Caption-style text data
=== Section Start ===
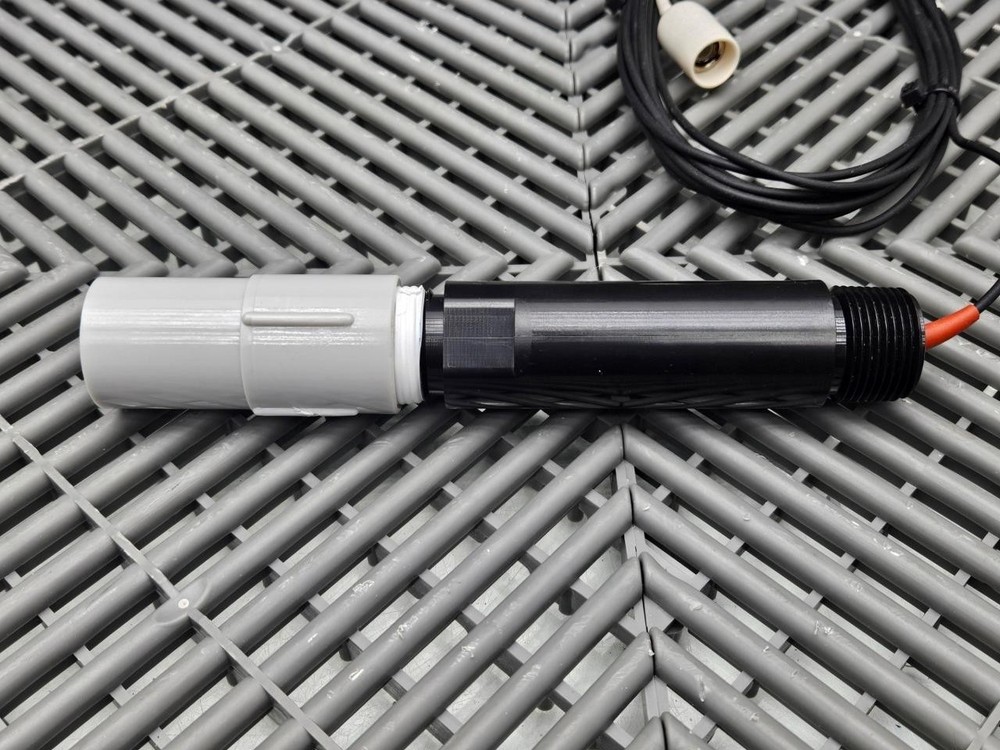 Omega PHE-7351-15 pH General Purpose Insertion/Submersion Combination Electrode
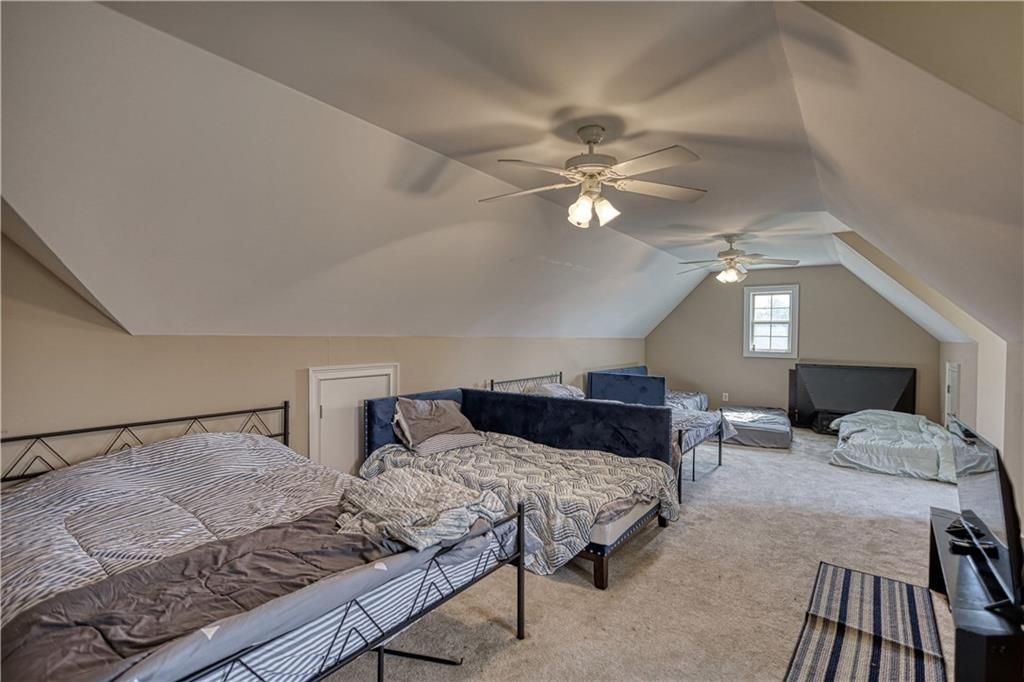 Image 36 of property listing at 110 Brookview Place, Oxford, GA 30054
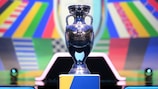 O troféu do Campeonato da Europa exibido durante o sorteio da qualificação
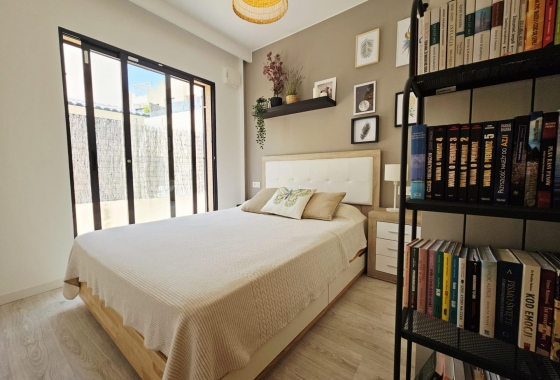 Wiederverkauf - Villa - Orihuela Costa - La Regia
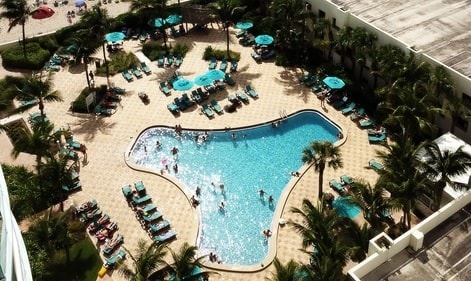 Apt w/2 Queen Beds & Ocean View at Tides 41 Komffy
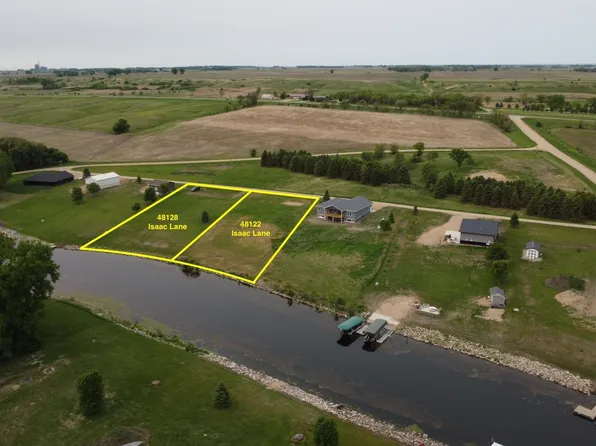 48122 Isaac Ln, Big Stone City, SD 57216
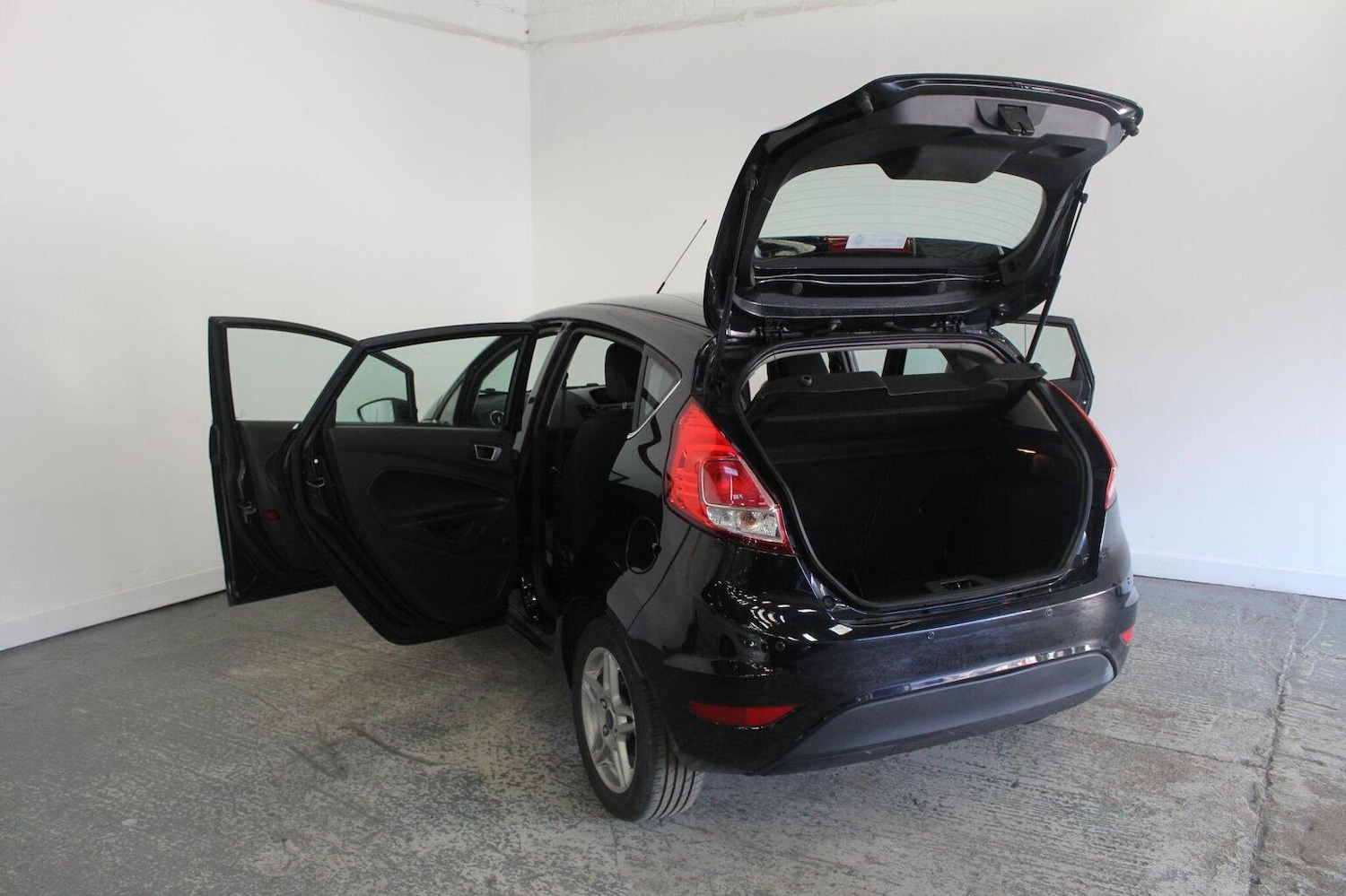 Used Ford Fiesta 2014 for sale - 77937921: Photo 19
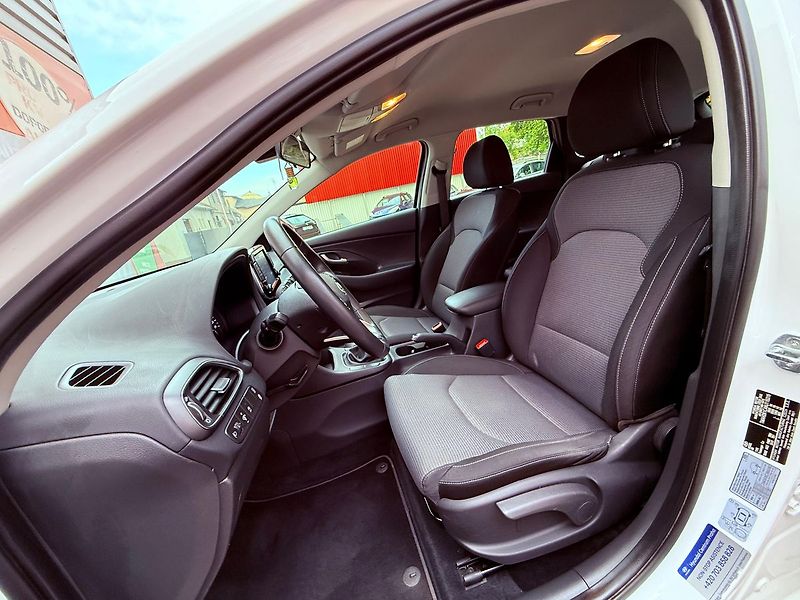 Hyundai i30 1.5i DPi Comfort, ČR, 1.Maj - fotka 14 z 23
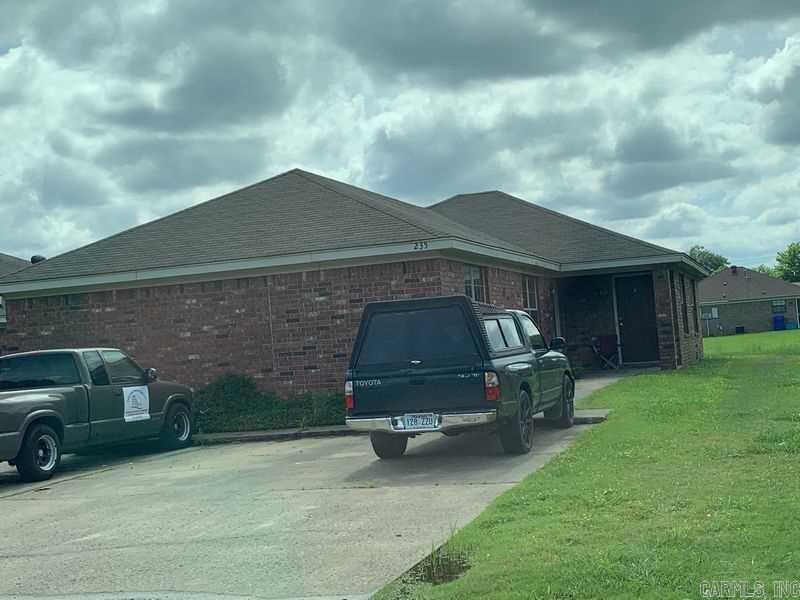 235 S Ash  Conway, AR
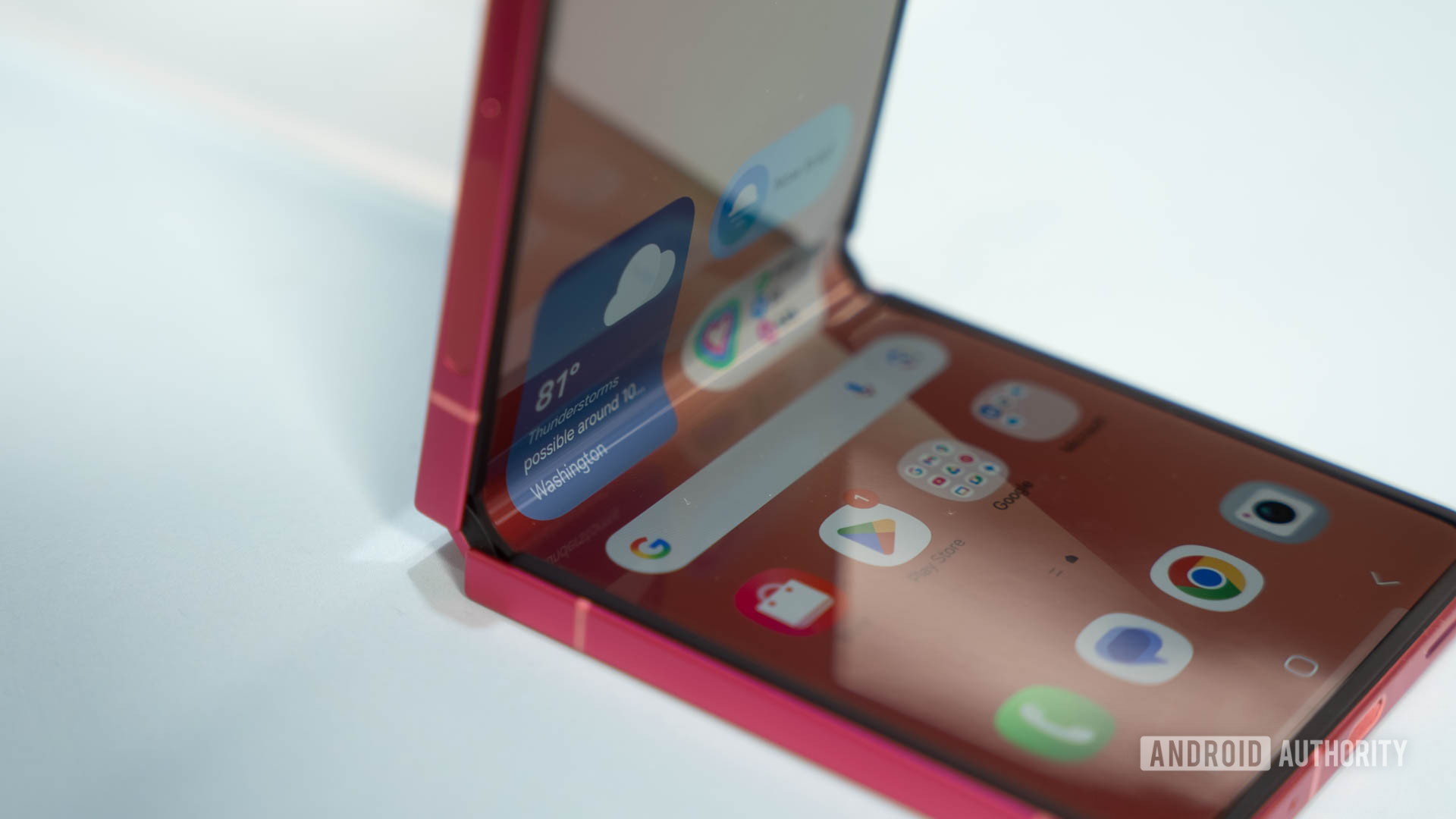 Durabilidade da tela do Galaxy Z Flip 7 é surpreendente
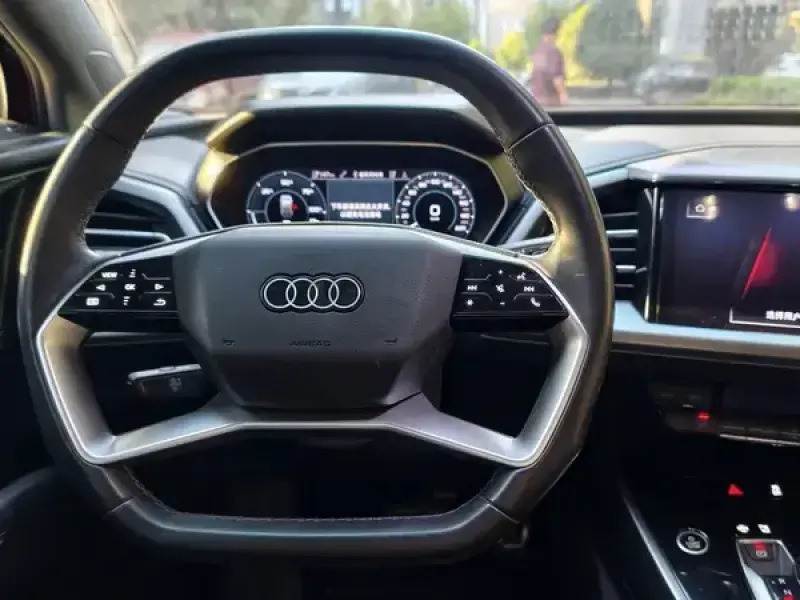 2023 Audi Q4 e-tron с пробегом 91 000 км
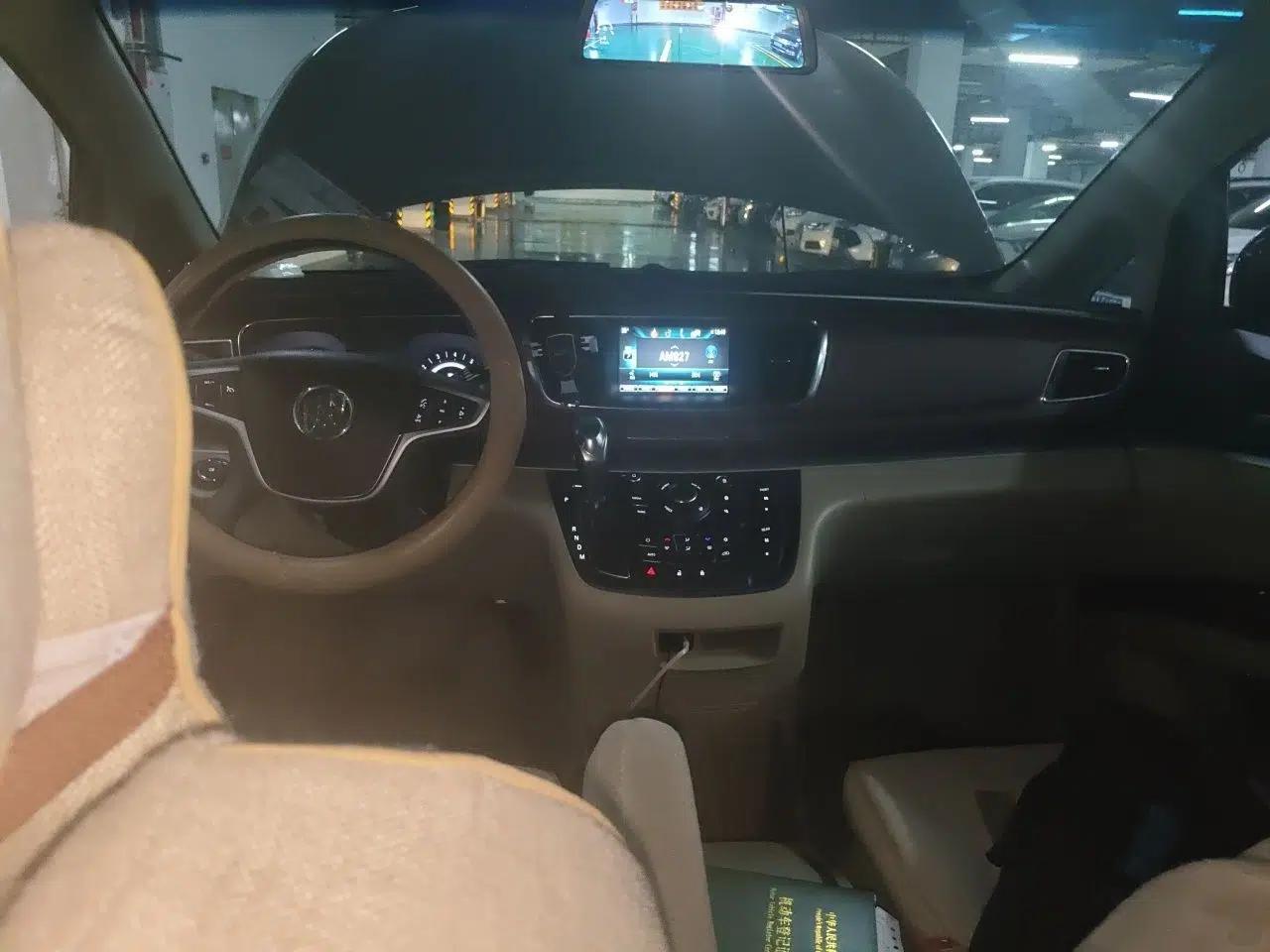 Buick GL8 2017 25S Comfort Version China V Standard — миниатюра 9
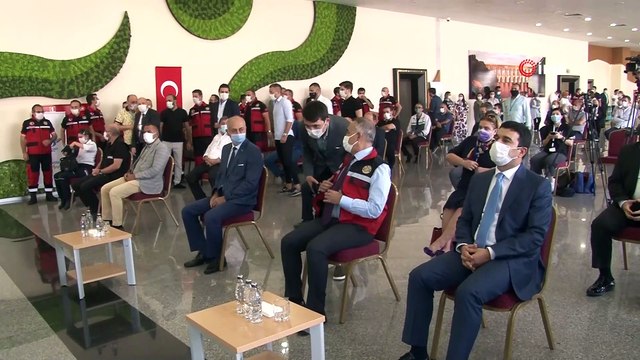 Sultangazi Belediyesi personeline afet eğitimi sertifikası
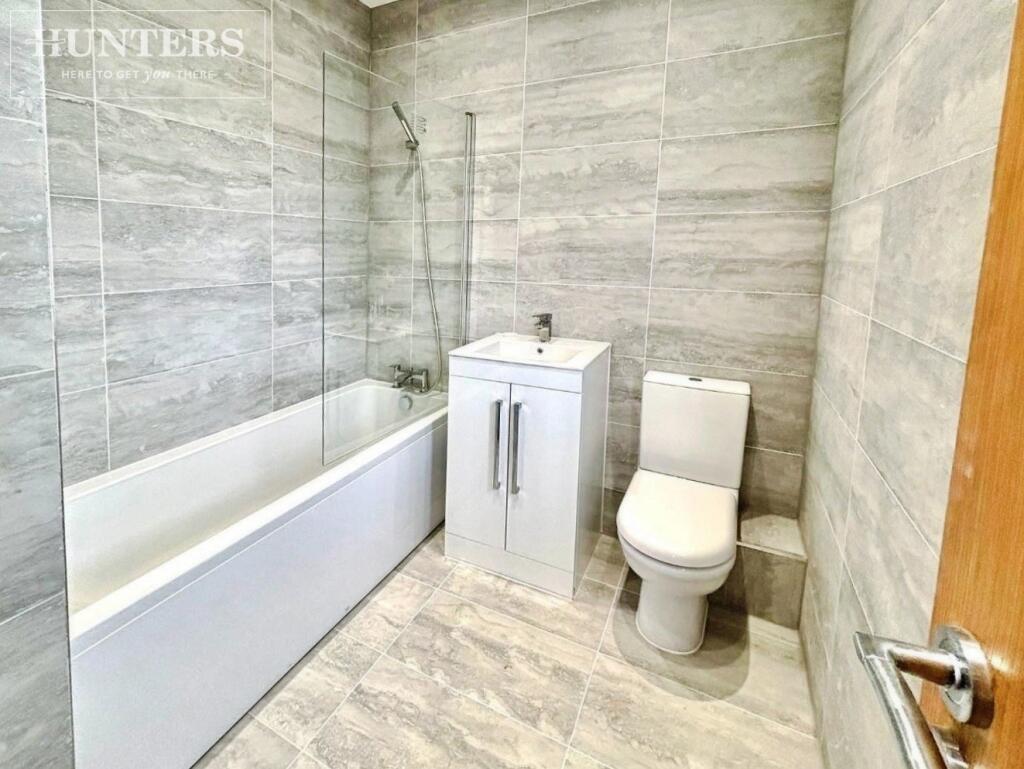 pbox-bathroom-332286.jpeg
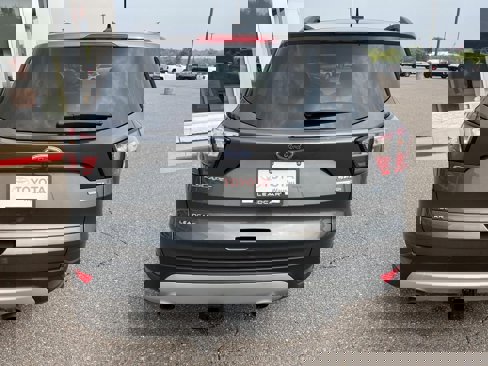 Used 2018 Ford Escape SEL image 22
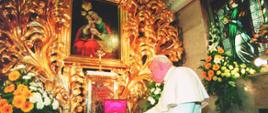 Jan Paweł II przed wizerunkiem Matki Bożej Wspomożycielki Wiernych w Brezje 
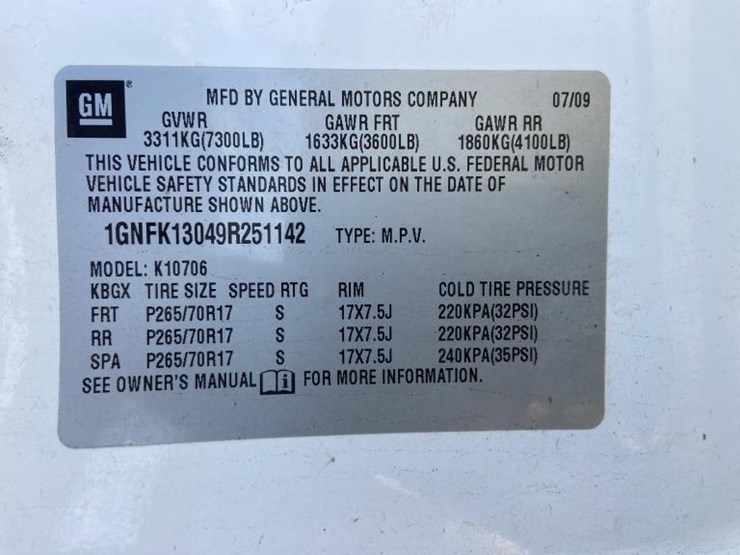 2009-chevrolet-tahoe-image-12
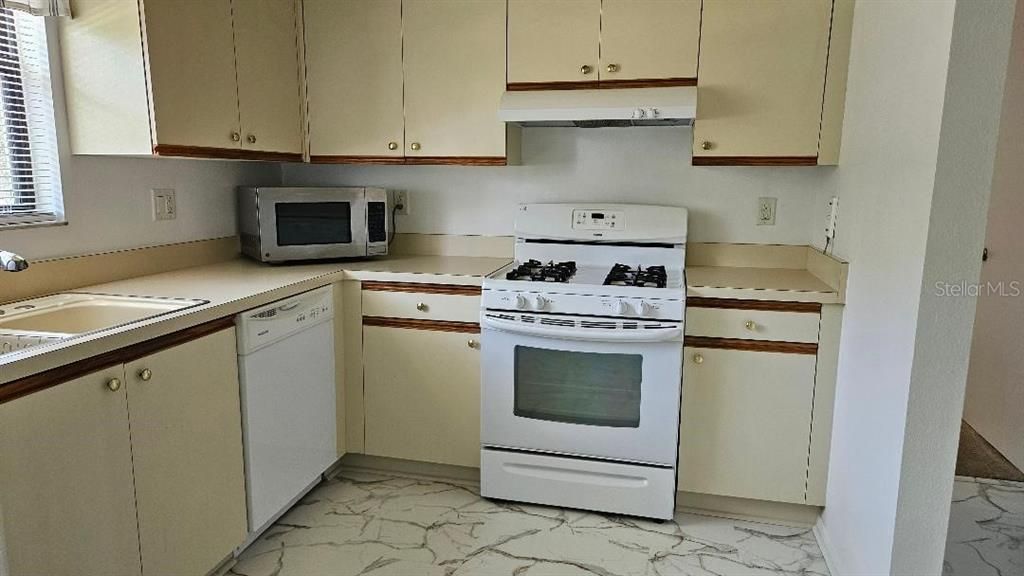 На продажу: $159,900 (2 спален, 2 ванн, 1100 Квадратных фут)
=== Section End ===
Directions for this task:
What you return must match the entries above exactly, apart from the pictures, which are left out.

Answer to this exercise:
 Omega PHE-7351-15 pH General Purpose Insertion/Submersion Combination Electrode
 Image 36 of property listing at 110 Brookview Place, Oxford, GA 30054
 O troféu do Campeonato da Europa exibido durante o sorteio da qualificação
 Wiederverkauf - Villa - Orihuela Costa - La Regia
 Apt w/2 Queen Beds & Ocean View at Tides 41 Komffy
 48122 Isaac Ln, Big Stone City, SD 57216
 Used Ford Fiesta 2014 for sale - 77937921: Photo 19
 Hyundai i30 1.5i DPi Comfort, ČR, 1.Maj - fotka 14 z 23
 235 S Ash  Conway, AR
 Durabilidade da tela do Galaxy Z Flip 7 é surpreendente
 2023 Audi Q4 e-tron с пробегом 91 000 км
 Buick GL8 2017 25S Comfort Version China V Standard — миниатюра 9
 Sultangazi Belediyesi personeline afet eğitimi sertifikası
 pbox-bathroom-332286.jpeg
 Used 2018 Ford Escape SEL image 22
 Jan Paweł II przed wizerunkiem Matki Bożej Wspomożycielki Wiernych w Brezje 
 2009-chevrolet-tahoe-image-12
 На продажу: $159,900 (2 спален, 2 ванн, 1100 Квадратных фут)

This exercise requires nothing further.